Work order:
Except for the pictures, retype the records that follow exactly.

Short descriptive text snippets:
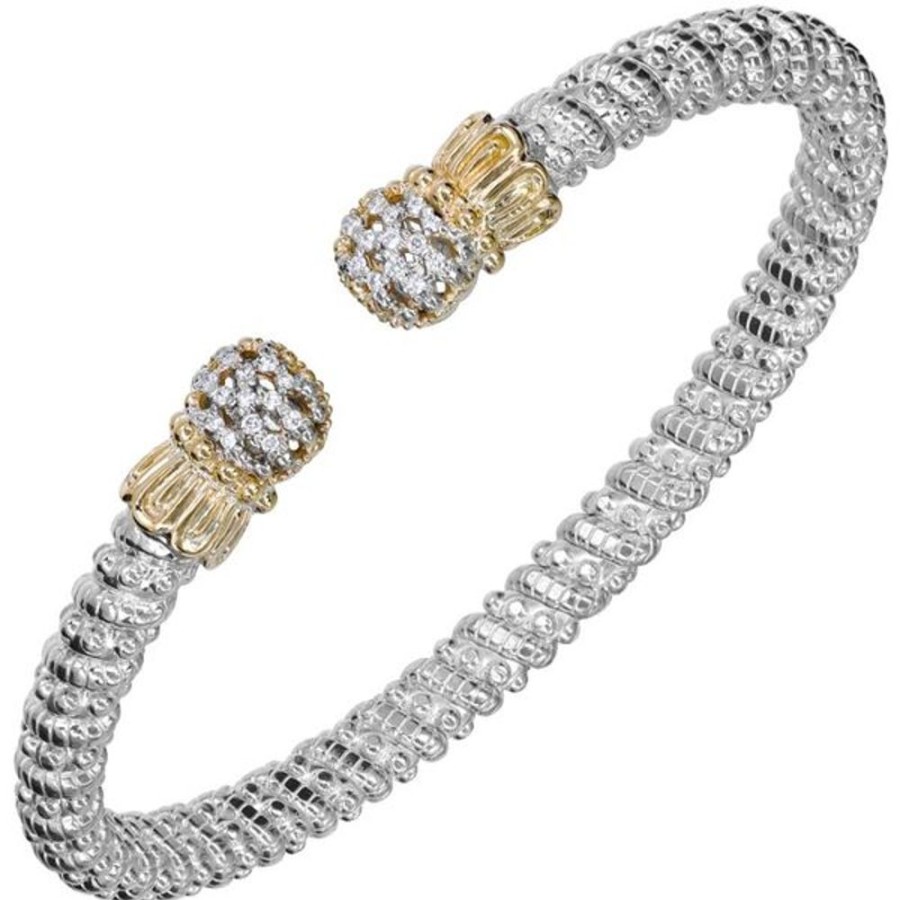 More Jewelry Vahan | Vahan - 14K Gold And Sterling Silver Diamond Bracelet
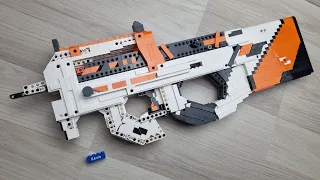 Full-Auto P90 | Asiimov [Blowback Rubber Band Gun]
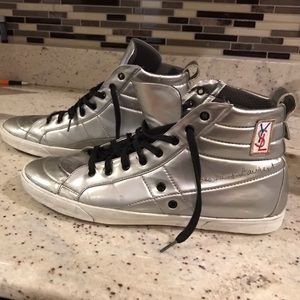 Men's YSL classic sneaker high tops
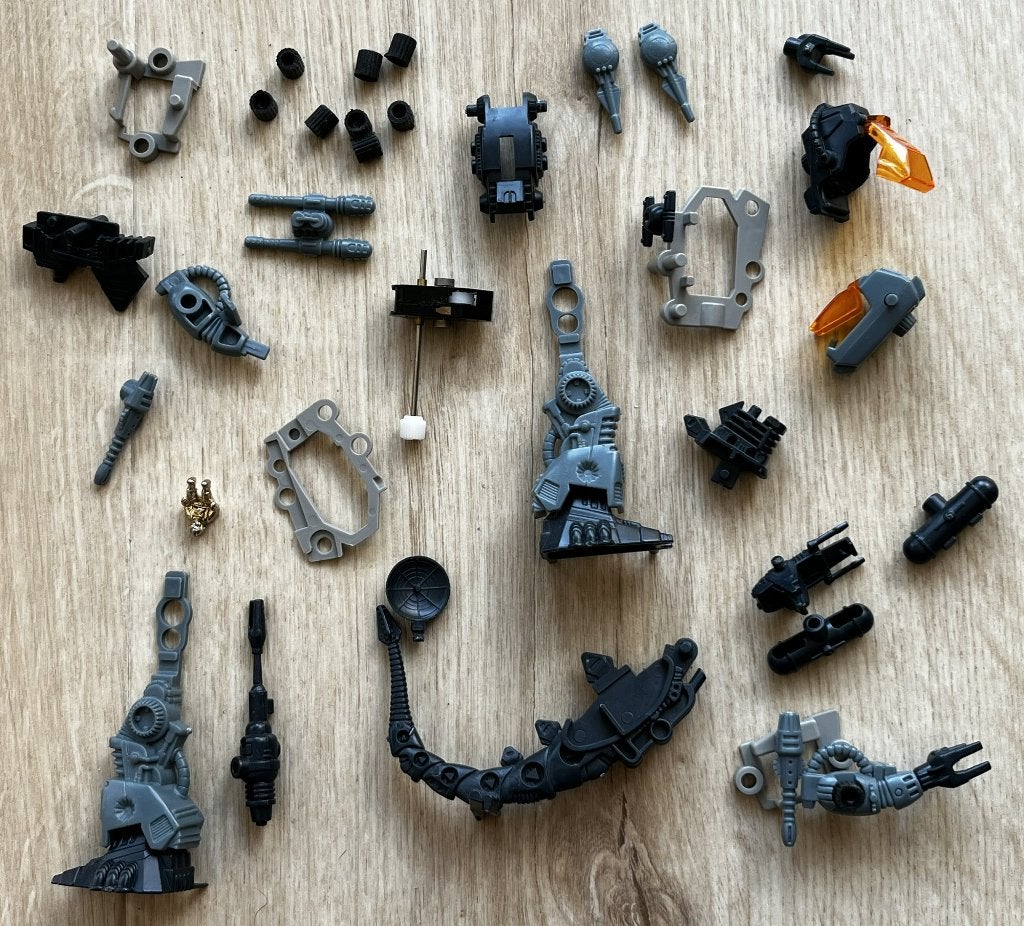 Zoids Trooper Zoid, figuur bijna compleet, Ophalen of Verzenden, Gebruikt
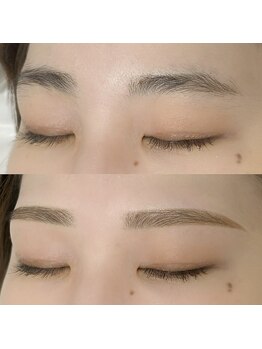 ヴィコ 名古屋栄(vico)/自然平行＋間引き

Task result:
 More Jewelry Vahan | Vahan - 14K Gold And Sterling Silver Diamond Bracelet
 Full-Auto P90 | Asiimov [Blowback Rubber Band Gun]
 Men's YSL classic sneaker high tops
 Zoids Trooper Zoid, figuur bijna compleet, Ophalen of Verzenden, Gebruikt
 ヴィコ 名古屋栄(vico)/自然平行＋間引き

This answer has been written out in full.